Alice Takes A Bride
Rather than concede that, yes, a corpse is the totality rather than the excess of life, Alice gave in to a life-long fantasy and bought a mail-order bride.
The bride arrived two weeks later, still frazzled from the whirlwind cab ride to the airport, then the plane ride with two layovers, then the cab ride to Alice's apartment. Alice took her inside and attempted to make the bride a sandwich, but the bride simply looked at her as if to say, "Not without a ring." Alice pulled off a ring and slid it onto the bride's finger, which seemed to placate her, though the bride's cyrillic mutterings could well have been annoyed talk about home and hearth and such. Alice made a sandwich of various pig parts, and the bride ate it happily, despite her culturally acquired dietary restrictions.

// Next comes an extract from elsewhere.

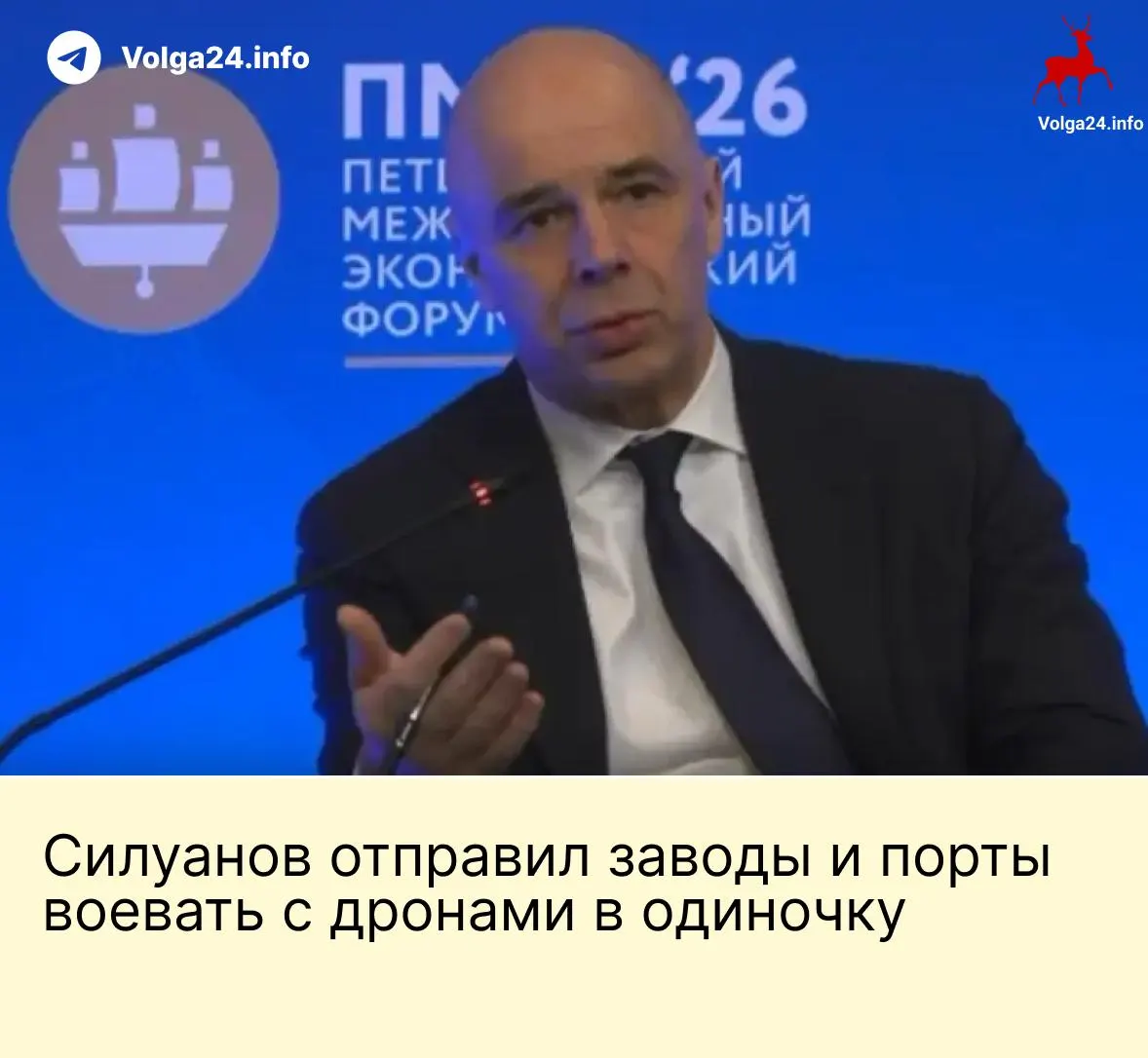 На ПМЭФ министр финансов заявил, что расходы на защиту от ударов БПЛА должны нести сами компании ТЭК и порты; на фоне атак работники терминалов требуют компенсаций за опасные условия труда.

After the bride finished eating the sandwich, a kind of silence fell over the kitchen. Alice picked up the plate, carried it to the sink, and rinsed it off. There was a kind of humming that was always present in the kitchen, and Alice tried to think of a gesture that would express the phrase, "Sorry about the humming, there's nothing I can do about it." Nothing leaped to mind. Alice looked at the bride and realized that she was humming along with the humming sound, humming at exactly the same pitch as the whatever machine in the kitchen's bowels generated that noise. Alice took it as a sign, or omen, or something - a sound preordained, some perverse sphere song. This Russian broad was really something, something mythically tuned-in to the house.
Alice climbed the staircase and the bride followed her, and the door closed behind them, and they both made noises that, thinking back, were pretty hilarious.